Here’s his latest, according to Talking Points Memo:
Sen. Lindsey Graham (R-SC) suggested Tuesday that the United States should boycott the 2014 Winter Olympics if Russia offers asylum to National Security Agency leaker Edward Snowden.
Next year’s winter games are slated to be held in Sochi, Russia.
“I would. I would just send the Russians the most unequivocal signal I could send them,” Graham told The Hill when asked about a possible boycott.
“It might help, because what they’re doing is outrageous,” Graham added. “We certainly haven’t reset our relationship with Russia in a positive way. At the end of the day, if they grant this guy asylum it’s a breach of the rule of law as we know it and is a slap in the face to the United States.”
But Graham’s longtime ally on Capitol Hill, Sen. John McCain (R-AZ), didn’t seem as receptive to a boycott.
Don’t listen to him, Sen. Graham. You da man. You know better than Gramps. Lead us to victory…
You all may think this is silly, but I think Lindsay’s got a valid point, one we learned during the 1980 Olympic boycott. If the US doesn’t participate, the Olympics loses –a sacrifice that benefits everyone — especially the hard working athletes who train their fanny’s off to bring us national pride. Who needs more understanding and friendship through peaceful sporting events? Certainly not the United States with it’s vaunted standing in the international community.

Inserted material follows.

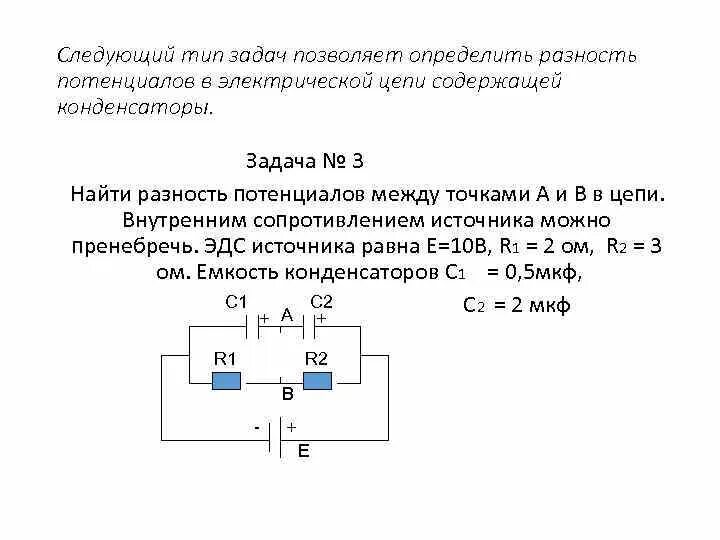 Потенциал точки в цепи. 8мкф. Максимальное значение заряда конденсатора. Максимальный заряд конденсатора в колебательном контуре. Емкость конденсатора равна 6 мкф.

Go ahead, Lindsey, tell us again how well that boycott worked for us last time? We showed them, didn’t we? It ruined the Olympics right? It caused them to go under, right? We were missed from the event, right? Has there been a successful Olympics since? No!

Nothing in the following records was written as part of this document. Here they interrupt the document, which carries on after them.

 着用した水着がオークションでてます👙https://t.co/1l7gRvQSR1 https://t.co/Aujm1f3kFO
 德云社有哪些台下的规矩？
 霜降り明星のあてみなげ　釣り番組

Or yes. Depends on who you ask. How did John McCain, your hero explain it?
“There’s many things we can do, but I think the experience of canceling the Olympics the last time around (well, actually 23 years ago and 5 Olympics later) wasn’t very good,” McCain said, as quoted by The Hill.

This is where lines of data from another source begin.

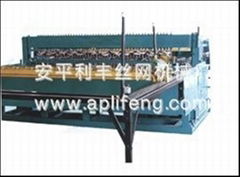 CNC fence wire mesh welding machine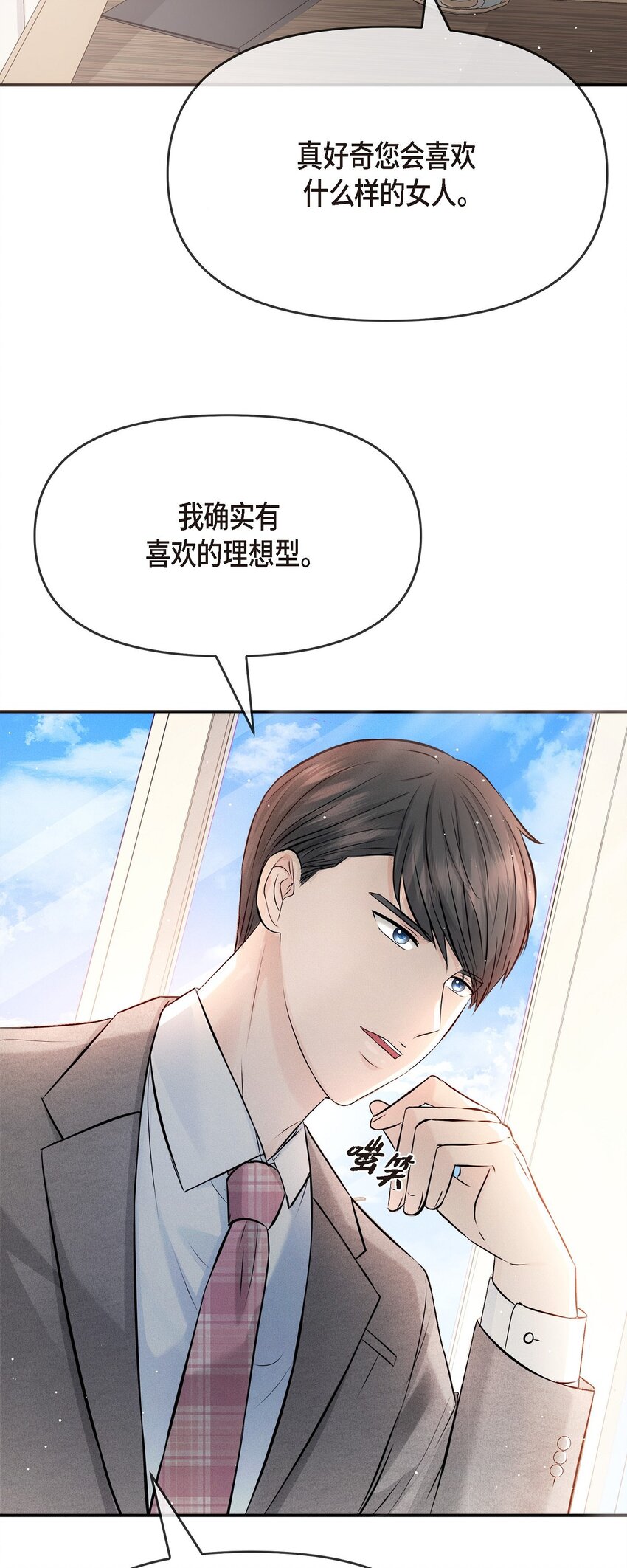 54 时间越久越发想她(1/2)-第54话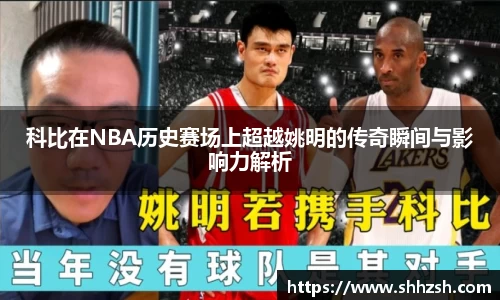 江南体育官方网站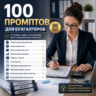 100 промптов ChatGPT для бухгалтеров — AI Accountant Pro 2026: отчеты, учет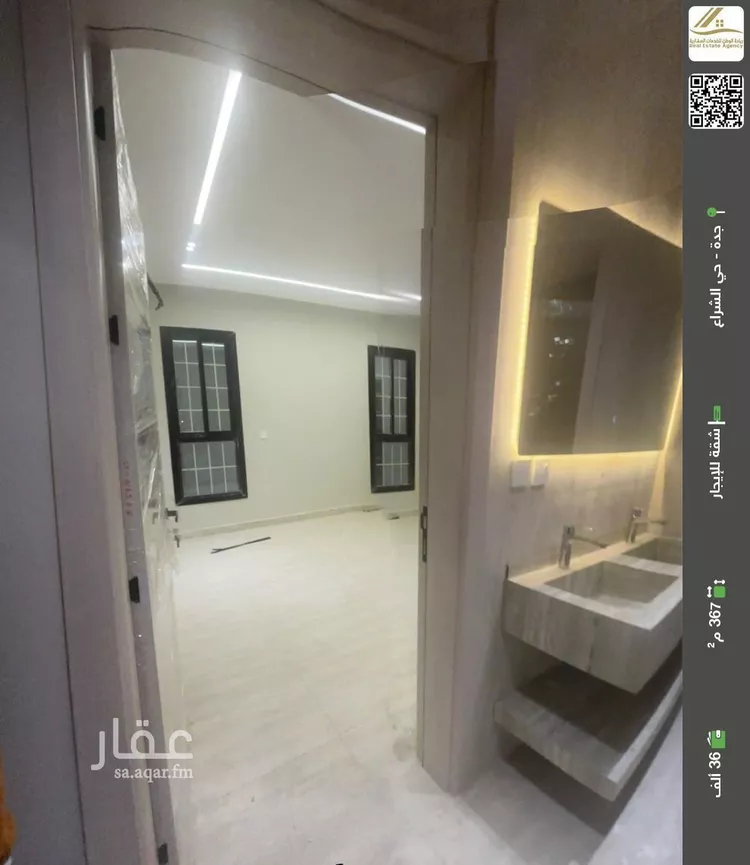 شقة للإيجار في شارع يحيي بن بقي, حي الشراع, مدينة جدة, منطقة مكة المكرمة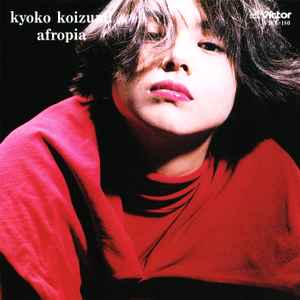 Kyoko Koizumi – N°17 (1990, CD) - Discogs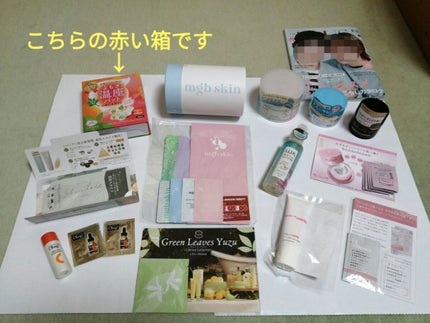 ウィズフェム よもぎ温座パットオーガニック/グラフィコ/その他を使ったクチコミ(7枚目)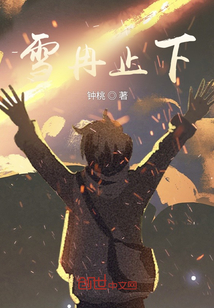 雪冉止下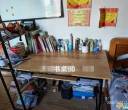 还剩家具大甩卖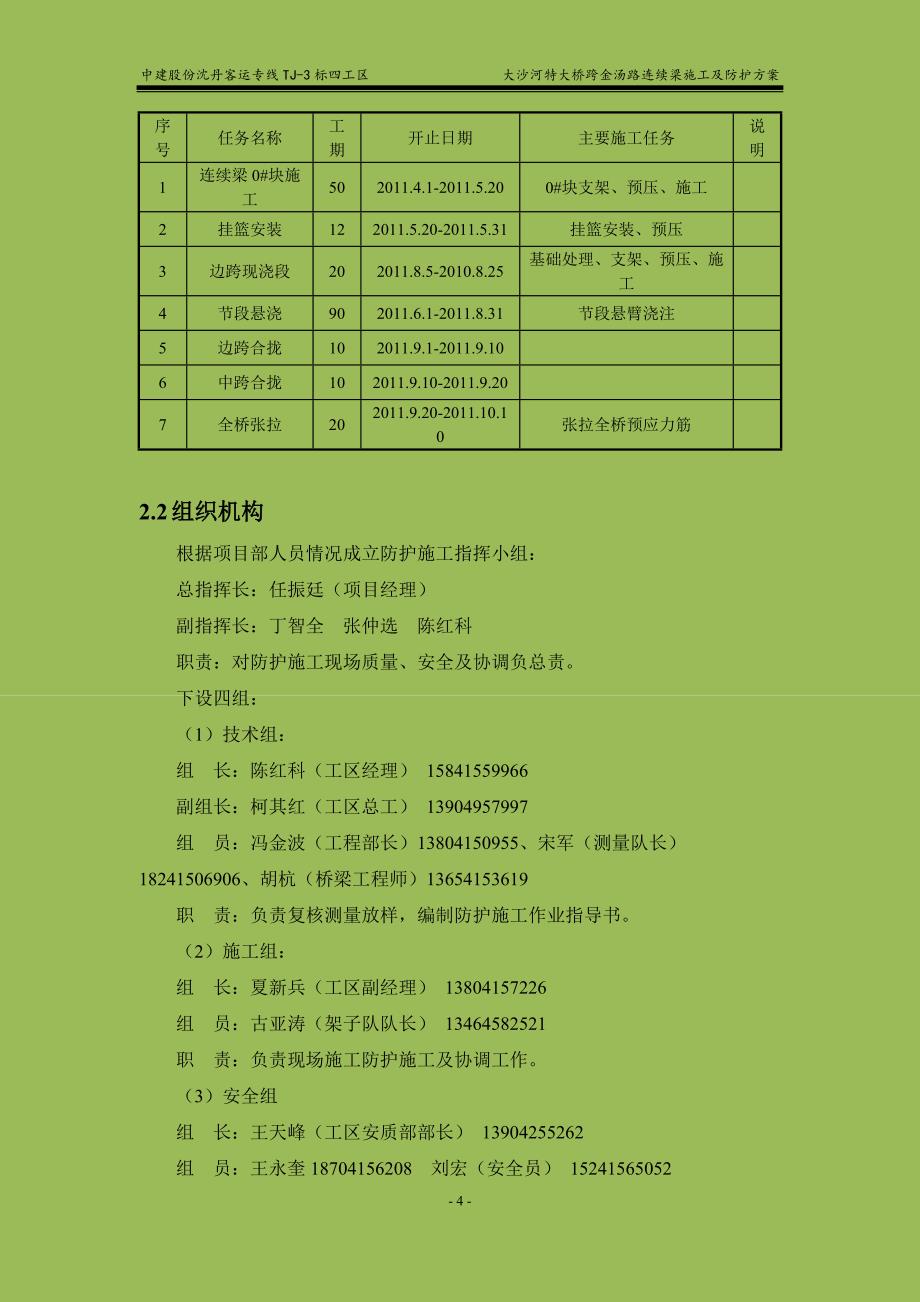 大沙河特大桥跨丹汤公路连续梁施工及防护方案_第4页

The United States and the Soviet Union each boycotted the Olympics during the 1980s amid the Cold War. First, the U.S. boycotted the 1980 Summer Olympics in Moscow, prompting the U.S.S.R. to boycott the summer games in Los Angeles four years later.
If you think I’m just being snarky, sure. And I’m going to take it one more beat.
I dug a little deeper and saw that this particular proposed 2014 Winter Games boycott has special meaning for the South Carolina gentleman. He’s considered an early favorite in the newest event. So his is a selfless act. He’s willing to sacrifice his own personal moment in the spotlight to make a statement. And if he does, next years downhill speed deception luge event (DSDL), will never be the same. An American boycott is sure to cost us at least one medal, if not a complete sweep.
The DSDL mixes speed with a twisting of the truth on slippery sloping track complete with dangerous hairpin turns, precipitous elevation of veracity changes and deceptive innuendo and fact-checking traps. Wipe-outs and crashes are as commonplace as a trick being turned in a Parisian whorehouse.
It is widely anticipated the US senatorial team, with none other than the South Carolina Senator as an early front runner to not only represent the US and medal, but to bring home the coveted Alfred E. Neuman, “What, Me Lie?” award for individual achievement.
Along with Lindsay Graham, the four-man US team, already training hard to represent the US include perennial crowd favorite John McCain, the wrinkly and crusty Mitch McConnell, and the elusive John Cornyn who rumor has it, is training with personal coach and potential future teammate, Sarah Palin. Though an aging team, they believe experience can take them to the top spot on next year’s winner’s podium — and I agree.
So why does Lindsey Graham want to boycott the Olympics with so much personal glory at hand? He’s a team player. He’s putting America first. He’s going to show them Ruskies. If you can’t get what you want, try to rain on their parade. That’ll teach them to give asylum to someone we want.
You go, boyee.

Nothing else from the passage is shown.